(MATERIALS PROVIDED)
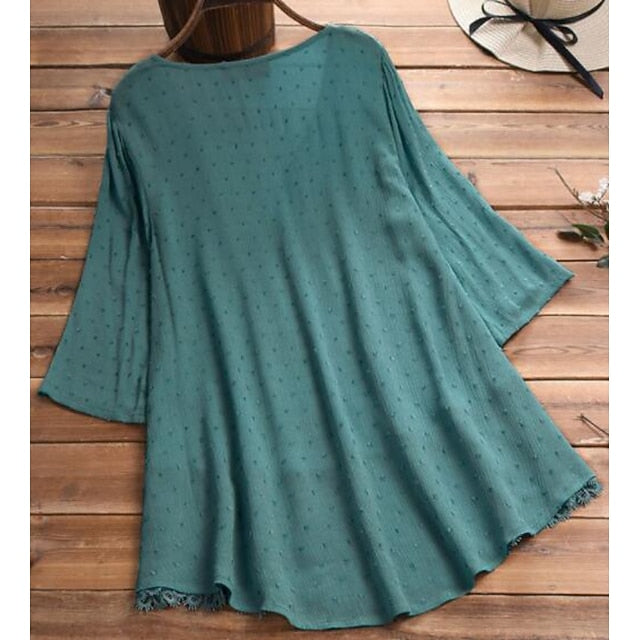 Women's Shirt Lace Shirt Blouse Eyelet top Lace Buttons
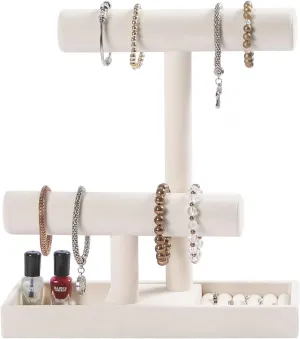 2 Tier Jewelry Organizer Holder,Bracelet Necklace Stand with Rings Tray,Beige Velvet Jewelry Displays for Girls.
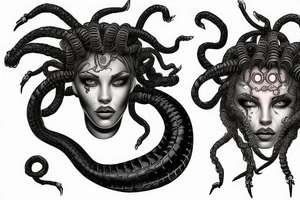 medusa gorgon half robot tattoo idea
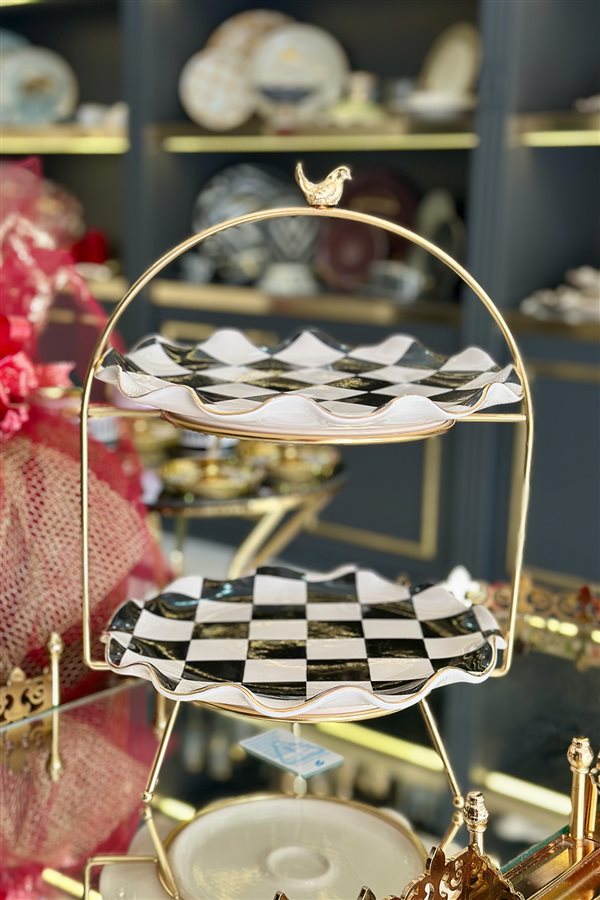 Checkered Black 2-Tier Cookie and Serving Stand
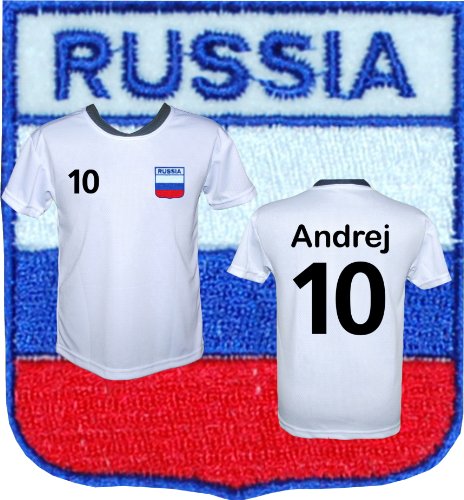 Rußland Trikot “Modell ER1″ für Kinder-mit gesticktem Wappen-mit Ihrem Wunschnamen+Zahl-Größen: 110,116,122,128,134,140,146,152,158, (134)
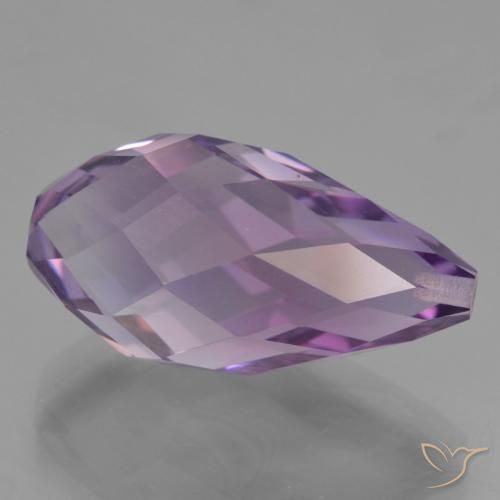 Amatista Violeta medio natural de 12.34 ct, Corte Briolette, VVS-VS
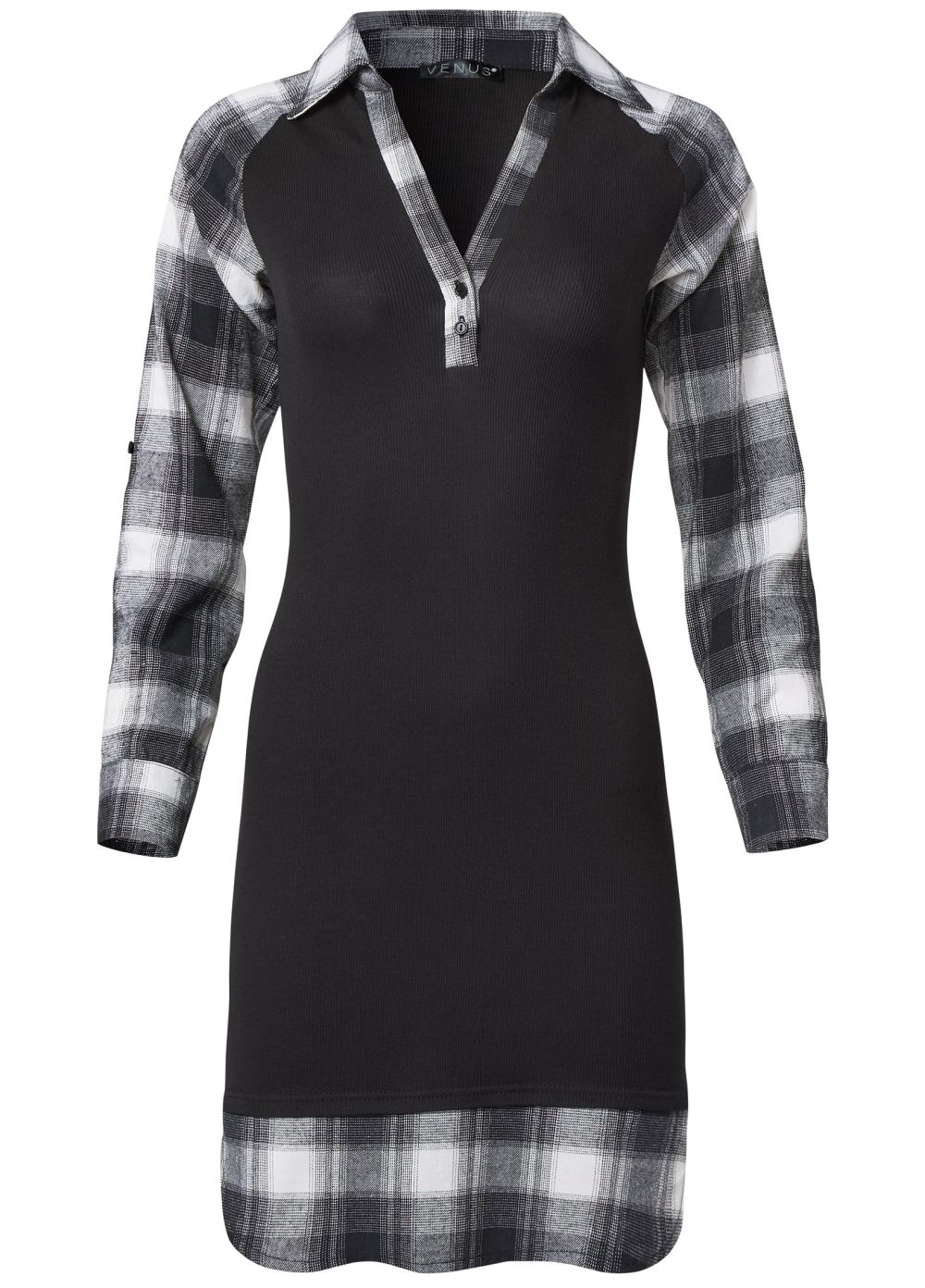 Venus Plus Size Plaid Detail Henley Dress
(End MATERIALS PROVIDED)
■ **EXERCISE DESCRIPTION**
Restate word for word every line from the one with "2 Tier Jewelry" up to and including the one with "Amatista Violeta medio" in the records above, minus the pictures.

■ **OUTPUT BELOW**
 2 Tier Jewelry Organizer Holder,Bracelet Necklace Stand with Rings Tray,Beige Velvet Jewelry Displays for Girls.
 medusa gorgon half robot tattoo idea
 Checkered Black 2-Tier Cookie and Serving Stand
 Rußland Trikot “Modell ER1″ für Kinder-mit gesticktem Wappen-mit Ihrem Wunschnamen+Zahl-Größen: 110,116,122,128,134,140,146,152,158, (134)
 Amatista Violeta medio natural de 12.34 ct, Corte Briolette, VVS-VS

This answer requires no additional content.